To celebrate, we share a visionary piece published in this first edition from the perspectives of Sustainable Southeast Partnership Program Director Marina Anderson and Steering Committee Member Anthony Mallott describing, respectively, ‘What we are working for’ and ‘What we are working toward’. We hope you enjoy this piece, stay tuned for our continued monthly storytelling, and enjoy our annual publication under our new name.
What are we working for?
Sgaahl Siid Xyáahl Jaad, Marina Anderson
Program Director Sustainable Southeast Partnership, Shaan Seet Incorporated Board of Directors, Native Peoples Action Steering Committee, 2023 Ecotrust Indigenous Leadership Awardee
We are working for each other.
Beyond the formal partners, the SSP is people. Our catalysts are as diverse as the network itself. They are retired teachers, aunties, artists and business owners. They sit on local boards, fill buckets with berries, put up fish, check in on elders, and write their local Assembly members. We have young people who just graduated from college, others starting new families and building homes with their own hands. Our catalysts are often seen as leaders within their communities and the diversity of backgrounds they bring, as well as the collaborating partners they work with, gives us our strength as a partnership.

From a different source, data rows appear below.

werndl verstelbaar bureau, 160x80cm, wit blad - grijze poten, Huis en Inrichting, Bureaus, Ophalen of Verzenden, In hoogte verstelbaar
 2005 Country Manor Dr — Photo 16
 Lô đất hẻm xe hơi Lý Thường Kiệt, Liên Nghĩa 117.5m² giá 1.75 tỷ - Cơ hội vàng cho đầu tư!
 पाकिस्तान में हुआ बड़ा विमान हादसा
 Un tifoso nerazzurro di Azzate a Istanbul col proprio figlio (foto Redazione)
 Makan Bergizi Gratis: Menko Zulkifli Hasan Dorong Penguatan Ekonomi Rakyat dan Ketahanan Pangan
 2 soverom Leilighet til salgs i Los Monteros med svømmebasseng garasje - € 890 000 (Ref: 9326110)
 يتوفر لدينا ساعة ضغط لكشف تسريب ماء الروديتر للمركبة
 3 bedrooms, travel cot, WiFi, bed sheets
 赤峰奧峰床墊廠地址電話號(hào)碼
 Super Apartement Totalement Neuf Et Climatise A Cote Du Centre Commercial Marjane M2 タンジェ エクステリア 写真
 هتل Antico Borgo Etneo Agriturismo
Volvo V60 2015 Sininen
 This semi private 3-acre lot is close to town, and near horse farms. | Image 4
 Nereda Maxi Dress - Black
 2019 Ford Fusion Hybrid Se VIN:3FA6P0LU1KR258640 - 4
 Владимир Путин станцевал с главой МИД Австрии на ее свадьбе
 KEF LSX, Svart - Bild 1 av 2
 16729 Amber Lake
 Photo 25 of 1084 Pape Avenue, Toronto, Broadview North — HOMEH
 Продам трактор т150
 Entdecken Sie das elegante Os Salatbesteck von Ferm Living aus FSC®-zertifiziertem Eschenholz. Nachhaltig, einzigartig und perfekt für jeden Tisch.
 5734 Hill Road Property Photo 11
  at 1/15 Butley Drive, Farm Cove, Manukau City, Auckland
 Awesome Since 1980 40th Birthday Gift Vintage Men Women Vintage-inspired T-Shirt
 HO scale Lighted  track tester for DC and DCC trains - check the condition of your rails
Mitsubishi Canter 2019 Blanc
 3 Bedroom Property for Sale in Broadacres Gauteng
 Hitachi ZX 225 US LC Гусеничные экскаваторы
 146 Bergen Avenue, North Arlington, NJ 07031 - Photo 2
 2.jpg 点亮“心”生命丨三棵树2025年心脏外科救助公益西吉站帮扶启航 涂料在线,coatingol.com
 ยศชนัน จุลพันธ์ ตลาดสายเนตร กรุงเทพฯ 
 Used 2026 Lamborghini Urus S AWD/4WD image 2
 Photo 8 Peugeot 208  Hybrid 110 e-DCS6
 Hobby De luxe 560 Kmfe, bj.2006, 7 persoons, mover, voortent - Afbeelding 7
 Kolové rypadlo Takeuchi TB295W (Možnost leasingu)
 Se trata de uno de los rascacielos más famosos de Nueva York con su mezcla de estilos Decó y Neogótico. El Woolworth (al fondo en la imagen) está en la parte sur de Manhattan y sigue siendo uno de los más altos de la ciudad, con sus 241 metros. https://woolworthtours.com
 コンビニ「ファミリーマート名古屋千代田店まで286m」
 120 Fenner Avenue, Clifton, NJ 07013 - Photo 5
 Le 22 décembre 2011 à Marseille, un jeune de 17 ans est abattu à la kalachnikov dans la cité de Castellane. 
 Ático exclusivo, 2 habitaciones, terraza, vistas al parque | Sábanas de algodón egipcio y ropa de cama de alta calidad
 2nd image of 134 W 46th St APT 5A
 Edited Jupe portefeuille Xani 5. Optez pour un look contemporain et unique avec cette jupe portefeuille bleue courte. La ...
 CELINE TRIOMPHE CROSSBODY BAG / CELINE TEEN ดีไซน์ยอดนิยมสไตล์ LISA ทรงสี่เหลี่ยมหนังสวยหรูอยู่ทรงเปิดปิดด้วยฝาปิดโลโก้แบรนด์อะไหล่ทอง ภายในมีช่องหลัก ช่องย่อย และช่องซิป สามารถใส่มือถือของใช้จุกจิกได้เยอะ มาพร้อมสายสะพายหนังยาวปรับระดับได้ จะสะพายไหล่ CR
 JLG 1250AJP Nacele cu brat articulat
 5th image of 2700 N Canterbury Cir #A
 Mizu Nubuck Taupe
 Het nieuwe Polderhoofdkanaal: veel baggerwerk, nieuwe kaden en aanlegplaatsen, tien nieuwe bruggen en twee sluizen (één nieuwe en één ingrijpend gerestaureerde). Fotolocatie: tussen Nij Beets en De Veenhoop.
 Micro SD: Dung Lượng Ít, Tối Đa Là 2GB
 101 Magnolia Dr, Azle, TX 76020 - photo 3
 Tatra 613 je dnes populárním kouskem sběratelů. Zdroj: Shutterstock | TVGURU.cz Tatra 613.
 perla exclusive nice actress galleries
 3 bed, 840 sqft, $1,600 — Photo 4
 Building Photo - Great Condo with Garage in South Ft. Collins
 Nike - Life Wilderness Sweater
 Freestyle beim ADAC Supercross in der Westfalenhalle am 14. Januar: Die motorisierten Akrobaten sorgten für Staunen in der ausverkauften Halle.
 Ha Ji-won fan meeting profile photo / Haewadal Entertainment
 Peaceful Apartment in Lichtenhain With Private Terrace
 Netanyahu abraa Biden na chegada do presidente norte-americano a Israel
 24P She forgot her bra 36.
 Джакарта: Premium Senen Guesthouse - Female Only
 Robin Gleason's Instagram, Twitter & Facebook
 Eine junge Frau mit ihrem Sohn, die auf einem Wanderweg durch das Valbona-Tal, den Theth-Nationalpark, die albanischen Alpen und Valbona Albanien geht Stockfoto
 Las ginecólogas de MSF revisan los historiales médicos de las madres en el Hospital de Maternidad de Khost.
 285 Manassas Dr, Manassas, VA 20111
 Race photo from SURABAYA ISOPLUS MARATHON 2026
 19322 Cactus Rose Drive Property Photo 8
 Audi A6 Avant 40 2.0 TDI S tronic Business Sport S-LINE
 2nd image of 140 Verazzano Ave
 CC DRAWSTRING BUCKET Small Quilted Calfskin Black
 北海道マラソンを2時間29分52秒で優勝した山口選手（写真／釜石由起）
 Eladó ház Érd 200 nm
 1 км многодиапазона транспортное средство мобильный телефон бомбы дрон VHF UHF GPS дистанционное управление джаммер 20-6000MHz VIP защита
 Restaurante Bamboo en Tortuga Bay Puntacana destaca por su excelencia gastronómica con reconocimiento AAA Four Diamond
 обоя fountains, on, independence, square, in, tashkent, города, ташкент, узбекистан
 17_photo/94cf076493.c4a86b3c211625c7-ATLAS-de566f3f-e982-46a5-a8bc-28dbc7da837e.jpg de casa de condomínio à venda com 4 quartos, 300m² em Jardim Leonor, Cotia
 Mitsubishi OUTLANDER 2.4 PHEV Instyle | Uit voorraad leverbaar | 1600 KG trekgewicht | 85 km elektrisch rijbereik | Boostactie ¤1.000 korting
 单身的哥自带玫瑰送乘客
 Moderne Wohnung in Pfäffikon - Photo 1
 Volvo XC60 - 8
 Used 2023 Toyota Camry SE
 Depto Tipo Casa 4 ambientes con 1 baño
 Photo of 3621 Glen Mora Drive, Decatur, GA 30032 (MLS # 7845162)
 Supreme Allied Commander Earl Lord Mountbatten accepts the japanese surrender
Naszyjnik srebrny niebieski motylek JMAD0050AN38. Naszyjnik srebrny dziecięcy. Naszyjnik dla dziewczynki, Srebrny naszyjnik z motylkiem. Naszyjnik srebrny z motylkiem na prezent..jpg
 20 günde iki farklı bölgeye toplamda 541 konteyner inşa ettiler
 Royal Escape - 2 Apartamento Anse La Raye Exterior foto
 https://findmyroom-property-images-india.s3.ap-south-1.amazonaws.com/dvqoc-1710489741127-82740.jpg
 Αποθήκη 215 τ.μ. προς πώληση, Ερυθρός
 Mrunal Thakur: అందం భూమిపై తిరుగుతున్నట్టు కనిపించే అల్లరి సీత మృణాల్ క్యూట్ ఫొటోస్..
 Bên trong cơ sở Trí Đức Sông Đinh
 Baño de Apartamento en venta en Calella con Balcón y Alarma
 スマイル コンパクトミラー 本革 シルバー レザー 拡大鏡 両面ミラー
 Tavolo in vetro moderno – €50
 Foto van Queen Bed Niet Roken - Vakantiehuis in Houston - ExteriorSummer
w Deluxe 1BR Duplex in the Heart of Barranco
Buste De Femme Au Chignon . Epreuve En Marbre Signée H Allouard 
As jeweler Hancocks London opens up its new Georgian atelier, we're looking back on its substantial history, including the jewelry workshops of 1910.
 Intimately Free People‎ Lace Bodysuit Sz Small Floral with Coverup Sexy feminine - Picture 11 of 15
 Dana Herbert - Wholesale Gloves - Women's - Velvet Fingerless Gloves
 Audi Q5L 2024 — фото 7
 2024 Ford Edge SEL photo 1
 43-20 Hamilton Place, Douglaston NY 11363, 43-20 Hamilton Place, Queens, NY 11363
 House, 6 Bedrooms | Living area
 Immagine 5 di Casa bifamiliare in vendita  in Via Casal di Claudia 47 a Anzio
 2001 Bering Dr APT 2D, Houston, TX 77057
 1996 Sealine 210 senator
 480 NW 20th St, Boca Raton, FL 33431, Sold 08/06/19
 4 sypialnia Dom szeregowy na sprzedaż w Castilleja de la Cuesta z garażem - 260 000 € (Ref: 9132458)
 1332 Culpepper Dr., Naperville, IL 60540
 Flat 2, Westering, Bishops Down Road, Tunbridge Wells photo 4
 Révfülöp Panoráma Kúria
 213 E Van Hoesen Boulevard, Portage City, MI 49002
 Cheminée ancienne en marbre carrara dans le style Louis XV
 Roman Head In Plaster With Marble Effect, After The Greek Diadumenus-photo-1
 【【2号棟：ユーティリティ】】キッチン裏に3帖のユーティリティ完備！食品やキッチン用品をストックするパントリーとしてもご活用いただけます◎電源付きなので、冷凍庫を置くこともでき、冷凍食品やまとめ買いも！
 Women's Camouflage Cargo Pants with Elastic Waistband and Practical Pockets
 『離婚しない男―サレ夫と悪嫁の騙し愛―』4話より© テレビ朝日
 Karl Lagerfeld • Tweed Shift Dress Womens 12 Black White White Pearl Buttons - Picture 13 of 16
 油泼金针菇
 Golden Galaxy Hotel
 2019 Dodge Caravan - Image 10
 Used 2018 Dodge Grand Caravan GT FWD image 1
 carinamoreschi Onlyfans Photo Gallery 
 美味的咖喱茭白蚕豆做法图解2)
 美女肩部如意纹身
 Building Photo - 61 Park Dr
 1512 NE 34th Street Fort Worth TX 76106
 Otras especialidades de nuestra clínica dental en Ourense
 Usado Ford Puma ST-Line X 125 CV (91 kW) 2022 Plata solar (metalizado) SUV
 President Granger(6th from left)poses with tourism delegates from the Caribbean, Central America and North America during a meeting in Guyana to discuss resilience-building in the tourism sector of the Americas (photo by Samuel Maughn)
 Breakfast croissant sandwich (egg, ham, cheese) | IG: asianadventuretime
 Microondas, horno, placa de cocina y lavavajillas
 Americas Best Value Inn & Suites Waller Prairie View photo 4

The work is diverse — Community Forest Partnerships, youth programs, greenhouses, Lingít language classes, entrepreneur coaching, fish camp and culture camps. Some of the most important work doesn’t look like work at all. It looks like being present. It looks like bringing a casserole to a potluck when someone passes away, supporting a fundraiser for the basketball team in the darkness of winter, or creating a meal train for someone with a newborn baby. That’s where the relationships and trust come from — engaging with and being part of community.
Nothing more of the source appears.